Palm Sunday ushers in Holy Week. Everything slows down as we move toward the cross on Good Friday. We bring all our questions about how a loving God could let such a terrible thing happen. It is time to examine our own doubts and fears about life. Where is God when we need God most? Sometimes it feels like we are surrounded by silence.
The Lenten journey relentlessly brings us to the foot of the cross. It is hard to be there. We would rather be anywhere else. So, we wait. Is this the way life ends?
Of course, as Christian people we know the story does not end here. God’s greatest miracle still lies ahead. However, we cannot understand the power of God’s transforming presence unless we keep watch at the foot of the cross.
Among the religions of the world, Christianity has the deepest understanding of suffering. God gave his son to die on the cross so the whole world would know about the depth and power of God’s transforming love. Every depth of human suffering can be reached by our God.
We live in hope.
Lenten Reflection, Sunday, March 18, 2018
By: Sydna Street
When I was in the second grade the word, practice, made my heart sink. There, always on a beautiful sunny afternoon, I would hear, “Sydna, come inside and practice your music.” I would drag in with dread, of course, as I was picturing the upcoming spring recital.
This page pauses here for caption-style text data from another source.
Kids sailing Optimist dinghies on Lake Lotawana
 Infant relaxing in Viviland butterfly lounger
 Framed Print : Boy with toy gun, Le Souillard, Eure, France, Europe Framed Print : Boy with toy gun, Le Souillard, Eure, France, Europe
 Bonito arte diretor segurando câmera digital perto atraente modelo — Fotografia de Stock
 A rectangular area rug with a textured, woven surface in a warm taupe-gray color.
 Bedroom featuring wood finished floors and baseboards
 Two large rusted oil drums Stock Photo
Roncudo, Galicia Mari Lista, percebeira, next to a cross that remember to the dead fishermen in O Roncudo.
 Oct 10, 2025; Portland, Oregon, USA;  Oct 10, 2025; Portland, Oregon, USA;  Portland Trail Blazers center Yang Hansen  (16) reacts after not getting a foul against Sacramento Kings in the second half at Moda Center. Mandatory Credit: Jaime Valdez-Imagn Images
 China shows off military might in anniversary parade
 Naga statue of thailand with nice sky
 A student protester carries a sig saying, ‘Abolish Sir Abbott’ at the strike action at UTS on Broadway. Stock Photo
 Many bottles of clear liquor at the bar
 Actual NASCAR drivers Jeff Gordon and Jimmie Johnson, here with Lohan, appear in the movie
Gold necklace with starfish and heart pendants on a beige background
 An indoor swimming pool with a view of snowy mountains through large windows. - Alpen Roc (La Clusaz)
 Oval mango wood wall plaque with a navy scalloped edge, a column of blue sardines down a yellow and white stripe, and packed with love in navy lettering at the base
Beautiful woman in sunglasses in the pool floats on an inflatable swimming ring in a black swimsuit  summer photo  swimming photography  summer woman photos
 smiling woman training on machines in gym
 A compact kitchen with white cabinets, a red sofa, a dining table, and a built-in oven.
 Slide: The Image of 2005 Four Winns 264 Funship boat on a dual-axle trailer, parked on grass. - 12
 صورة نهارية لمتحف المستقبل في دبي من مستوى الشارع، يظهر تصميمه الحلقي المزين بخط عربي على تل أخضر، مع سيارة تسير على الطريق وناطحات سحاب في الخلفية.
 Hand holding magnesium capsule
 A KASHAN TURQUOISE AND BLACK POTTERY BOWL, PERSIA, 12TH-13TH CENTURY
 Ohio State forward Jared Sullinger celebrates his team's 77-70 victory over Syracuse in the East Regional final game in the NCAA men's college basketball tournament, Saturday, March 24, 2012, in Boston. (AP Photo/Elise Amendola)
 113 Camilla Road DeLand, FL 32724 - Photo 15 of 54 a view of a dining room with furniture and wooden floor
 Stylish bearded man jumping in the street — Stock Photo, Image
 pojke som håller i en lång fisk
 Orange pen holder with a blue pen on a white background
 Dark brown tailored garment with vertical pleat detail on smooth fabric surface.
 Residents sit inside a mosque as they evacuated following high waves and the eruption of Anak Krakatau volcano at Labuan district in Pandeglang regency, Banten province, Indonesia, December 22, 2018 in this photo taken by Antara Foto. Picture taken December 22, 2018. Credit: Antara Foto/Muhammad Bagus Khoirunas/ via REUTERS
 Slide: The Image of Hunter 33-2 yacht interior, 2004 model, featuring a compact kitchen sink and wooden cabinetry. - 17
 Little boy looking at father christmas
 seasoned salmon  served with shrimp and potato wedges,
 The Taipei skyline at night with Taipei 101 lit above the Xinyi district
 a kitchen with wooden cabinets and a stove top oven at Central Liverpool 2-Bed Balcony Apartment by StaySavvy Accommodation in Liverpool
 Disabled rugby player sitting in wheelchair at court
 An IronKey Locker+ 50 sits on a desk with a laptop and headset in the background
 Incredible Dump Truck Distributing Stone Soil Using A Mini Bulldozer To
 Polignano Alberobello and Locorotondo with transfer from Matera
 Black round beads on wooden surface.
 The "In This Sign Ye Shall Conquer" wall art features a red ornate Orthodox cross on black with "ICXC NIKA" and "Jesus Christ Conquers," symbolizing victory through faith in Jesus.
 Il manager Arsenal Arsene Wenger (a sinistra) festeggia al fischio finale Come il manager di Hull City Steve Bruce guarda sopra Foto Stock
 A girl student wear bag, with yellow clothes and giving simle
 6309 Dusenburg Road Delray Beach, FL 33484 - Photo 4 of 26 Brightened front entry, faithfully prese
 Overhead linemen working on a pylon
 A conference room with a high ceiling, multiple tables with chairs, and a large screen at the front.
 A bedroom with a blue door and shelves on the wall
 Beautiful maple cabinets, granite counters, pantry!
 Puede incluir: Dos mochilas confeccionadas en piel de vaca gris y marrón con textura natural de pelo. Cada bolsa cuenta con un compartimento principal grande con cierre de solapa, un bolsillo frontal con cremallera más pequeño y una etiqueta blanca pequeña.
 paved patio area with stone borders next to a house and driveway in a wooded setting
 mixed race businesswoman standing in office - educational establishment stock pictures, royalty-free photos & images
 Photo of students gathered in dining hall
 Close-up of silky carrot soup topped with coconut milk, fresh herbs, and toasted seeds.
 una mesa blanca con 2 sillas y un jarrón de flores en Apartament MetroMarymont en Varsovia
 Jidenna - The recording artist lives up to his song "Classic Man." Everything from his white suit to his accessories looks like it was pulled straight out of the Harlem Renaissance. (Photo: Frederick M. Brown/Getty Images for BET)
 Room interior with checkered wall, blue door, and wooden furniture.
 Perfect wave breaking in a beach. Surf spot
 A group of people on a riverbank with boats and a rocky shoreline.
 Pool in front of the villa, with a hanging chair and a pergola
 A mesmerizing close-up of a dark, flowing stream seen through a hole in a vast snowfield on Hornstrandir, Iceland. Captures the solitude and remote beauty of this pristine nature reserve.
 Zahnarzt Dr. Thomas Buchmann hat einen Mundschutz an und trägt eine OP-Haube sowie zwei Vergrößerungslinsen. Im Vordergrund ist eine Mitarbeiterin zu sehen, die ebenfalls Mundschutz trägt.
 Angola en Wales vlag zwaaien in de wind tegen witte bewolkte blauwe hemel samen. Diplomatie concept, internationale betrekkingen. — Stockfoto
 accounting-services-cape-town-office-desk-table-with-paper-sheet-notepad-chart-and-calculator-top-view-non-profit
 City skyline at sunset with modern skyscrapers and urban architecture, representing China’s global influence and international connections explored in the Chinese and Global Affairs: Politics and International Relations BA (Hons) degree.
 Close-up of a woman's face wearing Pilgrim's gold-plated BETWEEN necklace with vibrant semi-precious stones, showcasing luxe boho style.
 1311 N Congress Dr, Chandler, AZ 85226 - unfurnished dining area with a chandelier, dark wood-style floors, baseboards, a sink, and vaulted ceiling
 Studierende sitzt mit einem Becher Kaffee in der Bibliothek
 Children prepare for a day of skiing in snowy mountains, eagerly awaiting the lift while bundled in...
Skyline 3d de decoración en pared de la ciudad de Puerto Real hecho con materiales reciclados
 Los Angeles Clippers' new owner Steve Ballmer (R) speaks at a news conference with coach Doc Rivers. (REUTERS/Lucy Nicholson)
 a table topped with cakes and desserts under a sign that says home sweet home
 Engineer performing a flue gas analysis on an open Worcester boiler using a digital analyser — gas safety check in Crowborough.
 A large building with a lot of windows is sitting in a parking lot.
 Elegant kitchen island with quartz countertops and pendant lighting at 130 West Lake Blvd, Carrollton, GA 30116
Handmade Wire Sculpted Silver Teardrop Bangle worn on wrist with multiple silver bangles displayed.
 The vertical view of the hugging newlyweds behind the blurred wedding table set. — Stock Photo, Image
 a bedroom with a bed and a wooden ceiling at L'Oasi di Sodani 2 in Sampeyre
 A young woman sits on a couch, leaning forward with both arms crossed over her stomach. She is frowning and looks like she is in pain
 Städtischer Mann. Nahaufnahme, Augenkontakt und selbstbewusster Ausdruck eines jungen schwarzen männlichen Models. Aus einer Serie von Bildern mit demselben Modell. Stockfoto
Only in the last few years has the word practice become a positive word. All it took was a slight reframing of the word to turn me around. A soft voice of instruction, “remember, this is just practice.”
“It’s just practice, not a performance” … suddenly my shoulders softened, my thoughts stopped racing, my breath slowed and deepened.
Archbishop Desmond Tutu put it this way in The Book of Joy, “physical and spiritual practices are not ends in themselves. There is no spiritual competition. Practices reward and deepen through continued efforts. The more we practice, the more we benefit.”
The Brothers of SSJE have provided us with a Lenten offering, Meeting Jesus in the Gospel of John. The beautiful workbook and thoughtful meditations have offered me “practice time.” I call it “Be Still time.”
“Be still and know that I am God.” -Psalm 46:10
After listening to and reading the Brother’s message, it’s time to practice being still, to allow the body and mind to let go, to fast from words and be quiet, and I simply breathe. A favorite practice of mine is a simple breath prayer to be done while sitting or walking.
Simple Breath Prayer:
- Breathe in deeply.
- Breathe out as slowly as possible. Continue simply breathing and listening to your breath.
- After several breaths you may add a word or a prayer, such as…
- Breath in “Our Father” or a favorite name of God.
- Breath out “Hallowed be thy name” or a favorite phrase.
- Or breathe in, “breathe in me,” and breathe out, “breath of God” or any favorite word or phrase will do.
- Continue simply breathing and listening to your breath.
Remember, it’s just practice!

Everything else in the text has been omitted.